“Yüzümüzü arkamızda bıraktıklarımıza, kaybettiğimizi düşündüğümüz şeylere değil, kazanacaklarımıza dönelim. Mücadeleye kazanacağımız inancıyla girelim. Bu inanç bizi görevlerimize daha sıkı bağlayacaktır.” (Erol Volkan İldem)
Faşizmin en geniş halk kitlelerine dönük saldırılarını en pervasız biçimde sürdürdüğü bir dönemden geçiyoruz.
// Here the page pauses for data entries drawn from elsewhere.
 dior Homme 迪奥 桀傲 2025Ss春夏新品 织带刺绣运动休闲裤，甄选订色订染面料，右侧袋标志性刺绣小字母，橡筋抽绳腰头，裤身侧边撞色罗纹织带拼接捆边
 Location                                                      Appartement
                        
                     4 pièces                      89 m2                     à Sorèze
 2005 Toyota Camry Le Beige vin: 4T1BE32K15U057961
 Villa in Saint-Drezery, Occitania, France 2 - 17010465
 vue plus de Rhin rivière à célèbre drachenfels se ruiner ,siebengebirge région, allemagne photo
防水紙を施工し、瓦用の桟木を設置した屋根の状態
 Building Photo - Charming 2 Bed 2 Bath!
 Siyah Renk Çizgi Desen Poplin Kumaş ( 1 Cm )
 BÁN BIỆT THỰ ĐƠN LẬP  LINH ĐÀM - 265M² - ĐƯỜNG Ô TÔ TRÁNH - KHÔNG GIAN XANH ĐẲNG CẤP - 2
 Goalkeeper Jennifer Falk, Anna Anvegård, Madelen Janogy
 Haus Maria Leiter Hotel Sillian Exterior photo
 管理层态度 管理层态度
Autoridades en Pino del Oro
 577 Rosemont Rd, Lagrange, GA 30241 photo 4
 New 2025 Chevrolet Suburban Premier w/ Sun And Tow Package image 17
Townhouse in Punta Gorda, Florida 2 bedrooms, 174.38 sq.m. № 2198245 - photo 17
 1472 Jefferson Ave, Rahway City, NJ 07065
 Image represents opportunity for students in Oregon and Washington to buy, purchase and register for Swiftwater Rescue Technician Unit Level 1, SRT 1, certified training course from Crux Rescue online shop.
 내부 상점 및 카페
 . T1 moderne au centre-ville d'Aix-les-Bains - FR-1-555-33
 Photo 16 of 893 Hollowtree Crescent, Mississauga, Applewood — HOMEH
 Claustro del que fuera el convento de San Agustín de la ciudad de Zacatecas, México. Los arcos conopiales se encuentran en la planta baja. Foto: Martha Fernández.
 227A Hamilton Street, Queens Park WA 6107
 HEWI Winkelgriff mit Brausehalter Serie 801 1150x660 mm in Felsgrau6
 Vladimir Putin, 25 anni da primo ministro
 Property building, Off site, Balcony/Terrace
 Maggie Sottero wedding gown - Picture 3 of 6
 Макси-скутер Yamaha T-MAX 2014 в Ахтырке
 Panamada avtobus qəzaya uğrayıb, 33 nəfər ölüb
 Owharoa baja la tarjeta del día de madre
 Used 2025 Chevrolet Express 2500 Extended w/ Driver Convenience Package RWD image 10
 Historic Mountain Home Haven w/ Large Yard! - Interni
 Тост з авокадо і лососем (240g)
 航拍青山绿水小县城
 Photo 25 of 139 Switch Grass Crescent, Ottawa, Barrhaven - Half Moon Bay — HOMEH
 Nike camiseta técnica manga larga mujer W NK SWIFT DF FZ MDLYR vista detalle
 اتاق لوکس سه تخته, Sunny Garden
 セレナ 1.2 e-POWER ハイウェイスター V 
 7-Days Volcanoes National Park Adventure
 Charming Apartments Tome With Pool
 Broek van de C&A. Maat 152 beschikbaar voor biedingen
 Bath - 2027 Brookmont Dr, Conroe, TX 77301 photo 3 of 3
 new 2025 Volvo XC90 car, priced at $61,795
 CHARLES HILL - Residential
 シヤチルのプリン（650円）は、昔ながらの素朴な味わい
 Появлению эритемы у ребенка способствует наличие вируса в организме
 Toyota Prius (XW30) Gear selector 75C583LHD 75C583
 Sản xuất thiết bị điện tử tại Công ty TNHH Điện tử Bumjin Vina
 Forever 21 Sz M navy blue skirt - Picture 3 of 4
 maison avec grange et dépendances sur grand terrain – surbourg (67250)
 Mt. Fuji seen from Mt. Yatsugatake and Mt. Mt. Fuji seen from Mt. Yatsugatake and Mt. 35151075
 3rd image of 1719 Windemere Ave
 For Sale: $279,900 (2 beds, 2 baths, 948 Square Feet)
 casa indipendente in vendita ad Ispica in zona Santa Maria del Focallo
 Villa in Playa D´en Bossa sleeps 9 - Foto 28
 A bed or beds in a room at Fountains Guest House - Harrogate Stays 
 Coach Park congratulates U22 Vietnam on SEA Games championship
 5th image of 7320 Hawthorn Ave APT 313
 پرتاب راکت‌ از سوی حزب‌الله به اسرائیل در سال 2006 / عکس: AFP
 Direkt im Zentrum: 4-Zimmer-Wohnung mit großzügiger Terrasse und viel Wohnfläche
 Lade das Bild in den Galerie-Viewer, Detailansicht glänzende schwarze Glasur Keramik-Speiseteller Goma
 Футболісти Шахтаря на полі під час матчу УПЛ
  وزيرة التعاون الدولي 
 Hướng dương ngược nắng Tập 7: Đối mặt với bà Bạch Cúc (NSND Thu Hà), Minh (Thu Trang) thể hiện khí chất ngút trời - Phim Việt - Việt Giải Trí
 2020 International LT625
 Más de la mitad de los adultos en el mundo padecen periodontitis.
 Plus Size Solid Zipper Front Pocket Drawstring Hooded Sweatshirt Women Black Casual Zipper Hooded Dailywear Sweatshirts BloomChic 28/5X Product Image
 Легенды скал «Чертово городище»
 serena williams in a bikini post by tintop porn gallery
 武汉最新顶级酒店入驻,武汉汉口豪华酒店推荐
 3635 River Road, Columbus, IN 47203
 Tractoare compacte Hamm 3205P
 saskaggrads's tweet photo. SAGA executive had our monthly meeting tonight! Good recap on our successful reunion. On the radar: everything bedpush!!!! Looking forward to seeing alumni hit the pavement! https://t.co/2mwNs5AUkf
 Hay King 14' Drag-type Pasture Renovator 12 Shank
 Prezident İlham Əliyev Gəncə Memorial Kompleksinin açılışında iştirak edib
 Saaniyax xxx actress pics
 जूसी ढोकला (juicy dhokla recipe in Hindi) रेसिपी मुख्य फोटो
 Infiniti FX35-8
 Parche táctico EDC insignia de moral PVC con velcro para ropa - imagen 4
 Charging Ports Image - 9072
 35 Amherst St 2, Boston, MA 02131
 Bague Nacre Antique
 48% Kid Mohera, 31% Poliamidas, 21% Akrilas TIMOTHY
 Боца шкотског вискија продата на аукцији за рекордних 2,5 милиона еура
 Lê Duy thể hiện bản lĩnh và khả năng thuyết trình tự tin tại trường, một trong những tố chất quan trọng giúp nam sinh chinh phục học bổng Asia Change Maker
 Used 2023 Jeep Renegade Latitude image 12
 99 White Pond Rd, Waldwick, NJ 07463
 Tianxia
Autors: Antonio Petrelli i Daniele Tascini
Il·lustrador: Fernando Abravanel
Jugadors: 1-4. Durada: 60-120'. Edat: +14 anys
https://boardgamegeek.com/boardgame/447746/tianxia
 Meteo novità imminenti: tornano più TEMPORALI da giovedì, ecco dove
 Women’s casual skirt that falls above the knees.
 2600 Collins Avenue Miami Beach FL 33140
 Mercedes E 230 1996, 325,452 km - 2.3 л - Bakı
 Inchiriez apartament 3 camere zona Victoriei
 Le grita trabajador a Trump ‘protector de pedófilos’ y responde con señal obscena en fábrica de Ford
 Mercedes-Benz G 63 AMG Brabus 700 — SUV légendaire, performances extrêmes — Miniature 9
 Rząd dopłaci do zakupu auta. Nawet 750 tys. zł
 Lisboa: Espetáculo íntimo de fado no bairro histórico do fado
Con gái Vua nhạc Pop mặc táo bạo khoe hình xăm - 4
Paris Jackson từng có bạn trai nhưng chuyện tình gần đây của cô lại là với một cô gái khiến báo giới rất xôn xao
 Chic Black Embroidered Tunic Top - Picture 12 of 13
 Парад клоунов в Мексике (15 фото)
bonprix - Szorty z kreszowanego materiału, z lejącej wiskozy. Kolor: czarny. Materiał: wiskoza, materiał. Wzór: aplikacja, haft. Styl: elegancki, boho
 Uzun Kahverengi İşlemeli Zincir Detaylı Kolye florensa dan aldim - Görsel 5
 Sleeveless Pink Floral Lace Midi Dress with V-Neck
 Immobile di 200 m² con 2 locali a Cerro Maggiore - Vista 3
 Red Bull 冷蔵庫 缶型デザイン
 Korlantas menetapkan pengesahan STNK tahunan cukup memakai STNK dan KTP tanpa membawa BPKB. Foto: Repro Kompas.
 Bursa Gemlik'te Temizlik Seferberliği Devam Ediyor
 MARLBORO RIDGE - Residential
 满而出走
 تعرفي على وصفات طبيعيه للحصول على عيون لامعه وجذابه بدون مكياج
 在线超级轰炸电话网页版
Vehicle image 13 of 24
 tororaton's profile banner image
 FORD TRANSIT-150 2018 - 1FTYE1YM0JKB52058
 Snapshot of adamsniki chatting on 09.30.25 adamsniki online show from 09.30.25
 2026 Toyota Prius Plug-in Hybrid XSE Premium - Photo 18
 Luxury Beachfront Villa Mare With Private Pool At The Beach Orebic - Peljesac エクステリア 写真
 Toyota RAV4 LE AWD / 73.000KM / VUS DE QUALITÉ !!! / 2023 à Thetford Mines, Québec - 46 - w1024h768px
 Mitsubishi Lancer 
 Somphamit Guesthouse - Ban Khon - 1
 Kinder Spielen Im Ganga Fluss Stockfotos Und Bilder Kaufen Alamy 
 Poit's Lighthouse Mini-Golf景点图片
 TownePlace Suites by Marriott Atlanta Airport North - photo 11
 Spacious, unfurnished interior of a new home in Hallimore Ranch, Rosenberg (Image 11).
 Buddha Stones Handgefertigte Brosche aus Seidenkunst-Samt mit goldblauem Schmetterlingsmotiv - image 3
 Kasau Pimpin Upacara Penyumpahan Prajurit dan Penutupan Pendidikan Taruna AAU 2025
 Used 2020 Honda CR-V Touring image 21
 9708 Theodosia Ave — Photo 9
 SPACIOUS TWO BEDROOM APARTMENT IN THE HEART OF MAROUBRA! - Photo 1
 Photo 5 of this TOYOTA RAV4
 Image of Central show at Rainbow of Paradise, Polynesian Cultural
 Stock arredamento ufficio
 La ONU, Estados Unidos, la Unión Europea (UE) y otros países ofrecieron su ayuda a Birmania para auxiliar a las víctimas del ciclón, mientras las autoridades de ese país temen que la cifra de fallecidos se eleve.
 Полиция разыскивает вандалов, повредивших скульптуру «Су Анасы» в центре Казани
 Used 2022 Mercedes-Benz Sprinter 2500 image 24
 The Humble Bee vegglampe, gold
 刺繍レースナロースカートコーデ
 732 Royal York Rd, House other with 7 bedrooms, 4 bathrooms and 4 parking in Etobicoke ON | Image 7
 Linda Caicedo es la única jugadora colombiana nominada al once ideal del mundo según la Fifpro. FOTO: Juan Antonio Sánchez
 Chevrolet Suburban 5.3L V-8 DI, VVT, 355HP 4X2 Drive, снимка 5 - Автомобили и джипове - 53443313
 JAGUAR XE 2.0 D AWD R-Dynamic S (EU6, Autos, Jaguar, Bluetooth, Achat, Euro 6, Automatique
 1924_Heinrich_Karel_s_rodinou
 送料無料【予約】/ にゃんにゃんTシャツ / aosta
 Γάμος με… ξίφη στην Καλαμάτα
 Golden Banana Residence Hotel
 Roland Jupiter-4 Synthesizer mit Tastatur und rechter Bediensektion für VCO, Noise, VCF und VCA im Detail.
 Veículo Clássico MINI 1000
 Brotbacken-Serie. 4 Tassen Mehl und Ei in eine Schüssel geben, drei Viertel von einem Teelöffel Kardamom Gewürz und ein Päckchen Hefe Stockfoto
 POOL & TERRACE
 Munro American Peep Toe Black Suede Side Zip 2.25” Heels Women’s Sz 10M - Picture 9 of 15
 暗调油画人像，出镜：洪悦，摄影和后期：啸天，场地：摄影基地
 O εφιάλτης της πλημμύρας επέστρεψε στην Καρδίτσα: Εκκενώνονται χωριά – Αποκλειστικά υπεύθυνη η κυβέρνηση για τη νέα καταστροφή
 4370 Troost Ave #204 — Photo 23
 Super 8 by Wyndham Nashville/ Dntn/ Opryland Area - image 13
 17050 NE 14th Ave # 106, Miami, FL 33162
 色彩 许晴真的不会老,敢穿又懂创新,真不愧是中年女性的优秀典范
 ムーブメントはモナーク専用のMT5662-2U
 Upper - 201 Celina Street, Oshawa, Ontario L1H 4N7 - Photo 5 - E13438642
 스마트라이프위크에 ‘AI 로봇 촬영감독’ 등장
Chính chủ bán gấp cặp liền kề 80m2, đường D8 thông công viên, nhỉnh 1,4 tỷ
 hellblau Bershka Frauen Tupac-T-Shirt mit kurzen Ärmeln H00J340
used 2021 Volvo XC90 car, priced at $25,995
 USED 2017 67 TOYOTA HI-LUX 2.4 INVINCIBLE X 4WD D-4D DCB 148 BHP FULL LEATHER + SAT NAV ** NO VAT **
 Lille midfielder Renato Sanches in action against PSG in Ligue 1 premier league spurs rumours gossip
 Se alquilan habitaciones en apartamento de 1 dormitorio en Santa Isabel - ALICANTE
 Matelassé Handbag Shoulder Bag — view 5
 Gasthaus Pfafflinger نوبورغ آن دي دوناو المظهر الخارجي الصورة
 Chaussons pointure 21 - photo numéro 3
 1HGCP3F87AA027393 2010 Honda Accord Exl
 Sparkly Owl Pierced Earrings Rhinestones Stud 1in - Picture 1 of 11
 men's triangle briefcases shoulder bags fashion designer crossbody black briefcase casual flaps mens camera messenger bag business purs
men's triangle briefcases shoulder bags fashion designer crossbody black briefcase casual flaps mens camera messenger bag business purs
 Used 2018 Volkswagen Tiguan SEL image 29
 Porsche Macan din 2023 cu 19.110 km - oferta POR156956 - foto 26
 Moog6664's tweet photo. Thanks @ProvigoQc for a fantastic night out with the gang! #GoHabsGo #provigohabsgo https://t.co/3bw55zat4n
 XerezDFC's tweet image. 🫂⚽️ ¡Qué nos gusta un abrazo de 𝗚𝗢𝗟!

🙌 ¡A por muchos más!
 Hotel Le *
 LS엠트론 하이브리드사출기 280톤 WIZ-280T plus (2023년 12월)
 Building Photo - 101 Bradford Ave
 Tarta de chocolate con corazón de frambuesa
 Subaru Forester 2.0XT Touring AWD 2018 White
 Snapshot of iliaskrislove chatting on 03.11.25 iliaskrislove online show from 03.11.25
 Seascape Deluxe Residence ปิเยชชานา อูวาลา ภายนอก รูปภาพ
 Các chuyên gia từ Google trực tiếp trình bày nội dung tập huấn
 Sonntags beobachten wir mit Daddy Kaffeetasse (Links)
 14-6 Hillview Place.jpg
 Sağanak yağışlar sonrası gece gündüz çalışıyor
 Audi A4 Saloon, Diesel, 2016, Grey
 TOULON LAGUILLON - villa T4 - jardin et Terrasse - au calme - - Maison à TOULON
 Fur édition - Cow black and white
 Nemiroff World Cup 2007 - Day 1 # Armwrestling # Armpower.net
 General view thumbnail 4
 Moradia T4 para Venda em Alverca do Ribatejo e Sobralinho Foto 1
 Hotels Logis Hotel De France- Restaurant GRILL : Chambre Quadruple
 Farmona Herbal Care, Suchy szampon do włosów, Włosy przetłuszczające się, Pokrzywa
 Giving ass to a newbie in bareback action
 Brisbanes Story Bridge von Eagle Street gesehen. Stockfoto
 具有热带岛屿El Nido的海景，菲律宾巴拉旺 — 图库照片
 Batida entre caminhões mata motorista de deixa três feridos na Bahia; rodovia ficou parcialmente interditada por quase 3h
Coğrafyamızda ve coğrafyamızın dışında içerisinde bulunduğu krizin sonucu olarak azgınca bir saldırı konsepti izleyen Türk hakim sınıfları ve onun dümeninde bulunan AKP-MHP faşist bloğu ivme kaybetmeksizin halka ve halk güçlerine dönük, gözaltı, tutuklama, imha ve inkar politikasını uyguluyor. Bu imha politikalarının bir sonucu olarak özellikle de gerilla güçlerine dönük kapsamlı operasyonlar hayata geçirilmekte, en ileri teknik ve donanımlar kullanılmaktadır.
Bir sınıfın temsilcilerini kendisini diğer sınıfı n temsilcilerini imha etmeye dönük konumlandırdığı bir savaş gerçekliğinde faşist diktatörlüğün bu saldırıları varlık koşulları ile uyumludur. Bu operasyonlar Dersim’de Proletarya Partisi önderliğinde sürdürülen gerilla mücadelesine de yönelmiş, 2 Haziran’da Hasan Ataş (Şerzan), 6-9 Eylül’de Proletarya Partisi Merkez Komite üyesi Erol Volkan İldem (Nubar), Fadime Çakıl (Rosa) ve son olarak 1-4 Ekim’de Halk Ordusu Komutanı Ali Kemal Yılmaz (Özgür), Gökçe Kurban (Asmin) yoldaşların şehadeti düşmanın imha saldırılarına karşı gür bir “buradayız” haykırışına dönüşmüştür.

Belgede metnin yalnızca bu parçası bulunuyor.